Four former members of the disbanded Southwestern District Flex Squad have lost their $40 million federal lawsuit alleging that police department leaders violated their constitutional and civil rights by suspending them from active duty.
The officers also alleged that internal police investigators violated their privacy by sharing information with the media about the investigation and their suspension, which came after a woman claimed she was raped by another officer in the squad room.
Judge J. Frederick Motz dismissed the suit last week in U.S. District Court in Baltimore.
The plaintiffs had no constitutional right to be placed on active duty, Motz ruled; also, their privacy could not have been invaded by the release of truthful information related to their suspensions.
The Baltimore Police Department had only a brief reaction to Motz’ decision.
“We respect the decision of the courts,” spokesman Anthony J. Guglielmi said Tuesday.
The plaintiffs’ attorney, Neal M. Janey Sr., declined to comment. Janey, a solo practitioner in Baltimore, was formerly the city solicitor.
The event that gave rise to the suspensions and litigation occurred Dec. 28, 2005, when a woman accused Flex Squad Officer Jemini Jones of having raped her in the squad’s offices. (Jones was not a party to the federal lawsuit.)
The department’s Internal Investigations Division searched the offices that day and the next, leading to the interrogation of unit officers, who had waived their right to counsel. The rape allegation also spurred the department to disband the Southwestern District Flex Squad — a drug-fighting, plainclothes-wearing unit — in January 2006.
Officers Steven Hatley and Brian Shaffer were each indicted on Jan. 5, 2006, on one count of first-degree rape and misconduct in office.
Jones was tried first. On Jan. 24, 2007, a jury acquitted him of rape. Two days later, city prosecutors dropped the charges against Hatley and Shaffer.
But in February 2008, the department filed disciplinary charges against Hatley and Shaffer accusing them of aiding and abetting Jones in the 2005 sexual assault.
They and two other Flex Squad members — Mohamed Ali II and Valentine Nagovich Jr. — were also charged administratively with having detained two people in 2005 on suspected drug offenses and releasing them without issuing police-citizen contact receipts or filing an incident report with their supervisor.
The four also were accused of confiscating contraband from arrestees and detainees in 2005 without submitting the items to the evidence control section.
Under terms of their suspension, the officers were assigned to clerical duties not requiring police powers, but without any reduction in pay.
Hatley, Shaffer, Ali and Nagovich filed suit in Baltimore City Circuit Court in March 2009, seeking $5 million each in compensatory damages and $5 million each in punitive damages. The 11 named defendants included Police Commissioner Frederick H. Bealefeld III and former Commissioner Leonard Hamm; Karen Hornig, then-chief legal counsel to the department; then-spokesman Matt Jablow; and members of the Internal Investigations Division.

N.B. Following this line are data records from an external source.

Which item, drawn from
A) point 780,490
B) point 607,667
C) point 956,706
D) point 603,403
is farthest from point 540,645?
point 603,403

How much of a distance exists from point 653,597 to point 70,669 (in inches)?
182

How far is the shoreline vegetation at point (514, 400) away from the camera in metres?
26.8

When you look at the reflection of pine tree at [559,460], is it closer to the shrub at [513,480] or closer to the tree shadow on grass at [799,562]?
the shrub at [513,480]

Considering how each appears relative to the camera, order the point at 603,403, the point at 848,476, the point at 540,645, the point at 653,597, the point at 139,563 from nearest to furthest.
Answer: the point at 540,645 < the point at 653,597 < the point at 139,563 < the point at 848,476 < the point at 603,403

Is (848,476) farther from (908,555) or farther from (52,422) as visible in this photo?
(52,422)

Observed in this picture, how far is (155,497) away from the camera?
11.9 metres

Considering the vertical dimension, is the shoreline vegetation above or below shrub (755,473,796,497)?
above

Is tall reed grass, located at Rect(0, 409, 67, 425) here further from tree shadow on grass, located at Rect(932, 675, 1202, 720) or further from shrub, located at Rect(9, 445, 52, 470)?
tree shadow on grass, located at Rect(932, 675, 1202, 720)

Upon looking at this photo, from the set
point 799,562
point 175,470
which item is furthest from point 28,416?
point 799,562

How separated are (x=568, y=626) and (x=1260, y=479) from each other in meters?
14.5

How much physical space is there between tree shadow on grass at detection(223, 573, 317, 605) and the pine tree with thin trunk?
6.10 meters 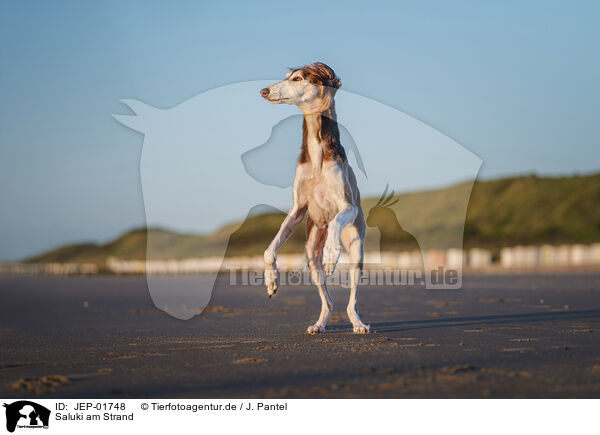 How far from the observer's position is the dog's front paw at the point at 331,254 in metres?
8.02

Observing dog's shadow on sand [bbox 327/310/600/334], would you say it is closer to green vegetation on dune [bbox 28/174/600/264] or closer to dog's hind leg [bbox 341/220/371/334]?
dog's hind leg [bbox 341/220/371/334]

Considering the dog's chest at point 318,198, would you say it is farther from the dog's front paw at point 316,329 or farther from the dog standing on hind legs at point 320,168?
the dog's front paw at point 316,329

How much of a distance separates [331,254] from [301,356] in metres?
1.55

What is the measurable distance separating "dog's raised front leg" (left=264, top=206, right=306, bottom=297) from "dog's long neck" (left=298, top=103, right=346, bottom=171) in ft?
2.08

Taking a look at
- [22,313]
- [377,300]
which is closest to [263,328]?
[22,313]

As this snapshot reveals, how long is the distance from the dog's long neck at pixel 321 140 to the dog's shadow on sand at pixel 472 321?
2251 mm

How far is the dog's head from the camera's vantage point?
9031mm

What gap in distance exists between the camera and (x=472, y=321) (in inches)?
437

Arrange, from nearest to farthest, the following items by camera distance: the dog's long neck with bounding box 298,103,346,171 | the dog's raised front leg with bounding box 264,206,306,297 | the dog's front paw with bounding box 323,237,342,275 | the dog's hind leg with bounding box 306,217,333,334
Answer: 1. the dog's front paw with bounding box 323,237,342,275
2. the dog's raised front leg with bounding box 264,206,306,297
3. the dog's long neck with bounding box 298,103,346,171
4. the dog's hind leg with bounding box 306,217,333,334

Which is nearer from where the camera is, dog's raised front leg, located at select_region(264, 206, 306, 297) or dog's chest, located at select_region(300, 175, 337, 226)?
dog's raised front leg, located at select_region(264, 206, 306, 297) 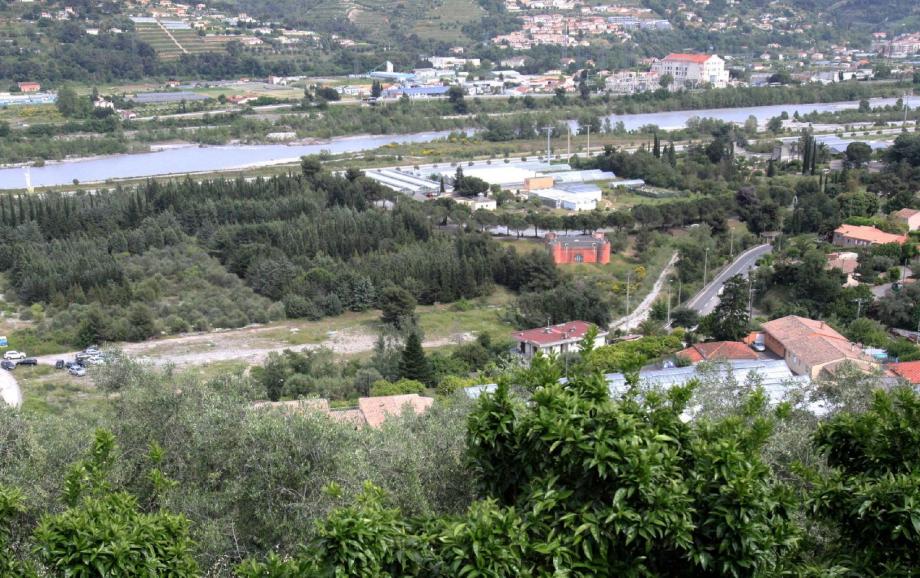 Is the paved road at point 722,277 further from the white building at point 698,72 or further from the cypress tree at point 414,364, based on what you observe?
the white building at point 698,72

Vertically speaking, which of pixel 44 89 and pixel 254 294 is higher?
pixel 44 89

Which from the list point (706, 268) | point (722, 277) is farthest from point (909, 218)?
point (706, 268)

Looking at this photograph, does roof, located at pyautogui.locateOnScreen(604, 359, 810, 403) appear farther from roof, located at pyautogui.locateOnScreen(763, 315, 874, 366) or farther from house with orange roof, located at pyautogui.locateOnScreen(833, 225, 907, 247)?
house with orange roof, located at pyautogui.locateOnScreen(833, 225, 907, 247)

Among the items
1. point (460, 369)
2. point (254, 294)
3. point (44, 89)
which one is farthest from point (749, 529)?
point (44, 89)

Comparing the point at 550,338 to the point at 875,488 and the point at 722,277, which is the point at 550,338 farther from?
the point at 875,488

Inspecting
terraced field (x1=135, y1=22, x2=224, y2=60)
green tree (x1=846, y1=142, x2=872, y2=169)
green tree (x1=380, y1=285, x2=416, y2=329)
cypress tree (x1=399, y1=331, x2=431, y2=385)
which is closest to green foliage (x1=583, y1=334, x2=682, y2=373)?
cypress tree (x1=399, y1=331, x2=431, y2=385)

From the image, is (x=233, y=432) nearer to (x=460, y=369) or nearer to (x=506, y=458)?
(x=506, y=458) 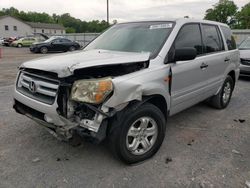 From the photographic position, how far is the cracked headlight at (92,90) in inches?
96.8

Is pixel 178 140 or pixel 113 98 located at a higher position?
pixel 113 98

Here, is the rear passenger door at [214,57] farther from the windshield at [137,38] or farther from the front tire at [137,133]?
the front tire at [137,133]

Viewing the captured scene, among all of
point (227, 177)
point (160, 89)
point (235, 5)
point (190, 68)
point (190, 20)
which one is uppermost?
point (235, 5)

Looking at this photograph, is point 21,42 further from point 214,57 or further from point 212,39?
point 214,57

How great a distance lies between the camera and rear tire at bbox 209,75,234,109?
4984 mm

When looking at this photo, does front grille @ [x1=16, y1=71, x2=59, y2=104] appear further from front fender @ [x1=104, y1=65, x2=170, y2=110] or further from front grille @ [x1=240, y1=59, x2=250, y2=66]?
front grille @ [x1=240, y1=59, x2=250, y2=66]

In addition to their due process claim based on their assignment to desk duty, the plaintiffs argued that the disciplinary proceeding was brought more than a year after their alleged offenses in violation of the Maryland Law Enforcement Officer’s Bill of Rights. They also claimed the defendants invaded their privacy by giving the media details from the search warrant application and confidential information related to the administrative proceedings.
Mark H. Grimes, chief legal counsel to the police department, successfully requested that the case be moved to federal court. He then asked Motz to dismiss the case.
On Thursday, Motz agreed.
The judge dismissed the LEOBR claim because that law does not give the officers a private cause of action. He found the due-process claim must fail because the officers had not lost a “constitutionally protected property interest” when they were suspended from active duty and reassigned without any loss in pay.
“[T]he constitutional protected property interest in employment does not extend to the right to possess and retain a particular job or to perform particular services,” Motz said.
Finally, he ruled that the release of information regarding the search or the disciplinary proceedings, if true, would not constitute an invasion of the plaintiffs’ privacy or place them in a false light.
“The investigations of the Flex Squad offices were lawfully conducted after allegations of wrongdoing and therefore do not amount to an intrusion that would be highly offensive to a reasonable person,” Motz wrote.
“While plaintiffs include numerous excerpts from the Baltimore Sun and WBALTV.com in the complaint, they fail to point out exact passages that contain false information. The excerpts appear to state facts that are objectively true,” Motz added. “Publication of true, but confidential, information does not place plaintiffs in a false light.”